Last week, Sugarland posted a live video of a cover of “Tony” to honor Pride month. Though the song is already powerful, the band, performing with an ampersand in their name as Sugarl&, included harrowing info about LGBTQ suicide rates.
Using the name “Sugarl&” was important to Jennifer Nettles and Kristian Bush because they wanted to drive home the message that all people should feel welcome at their concerts. “& = Everyone belongs here, including you & you & you & you,” they write at the beginning of the video.
In addition to the text at the start of the video, important facts are displayed throughout their live performance. “We contacted our friends at the Human Rights Campaign to supply us with the appropriate messaging to enhance the performance,” Sugarland stated on YouTube. “We hope it touches hearts, possibly changes minds and that our #LGBTQ fans, friends and family know they are loved, supported and celebrated.

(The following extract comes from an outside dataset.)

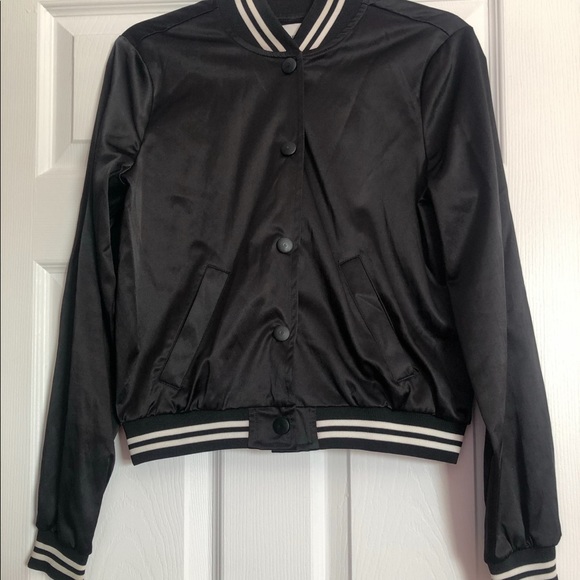 American Eagle Black Light Bomber Jacket - Picture 2 of 3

Happy #Pride!”
The song, “Tony,” was written by folk/alt rock artist Patty Griffin and recorded for her 1998 album Flaming Red. Lyrically, the song is told from the perspective of a teen who relates to Tony, a gay high schooler who commits suicide. The track oscillates from sorrow to anger and then blends the two together in an unpretty, but realistic, story of a gay teen who can’t find his place in the world so he decides to end his life.
For many, Sugarland’s cover of “Tony” can be a tough listen as it can be painfully relatable for some and a surprise to others who are expecting a cheery Sugarland track. But the message and emotions behind “Tony” can’t be ignored just because it’s difficult to navigate, and Sugarland (or Sugarl&) is striving to “raise awareness among our fanbase about the impact of hate speech and the importance of supporting LGBTQ kids.”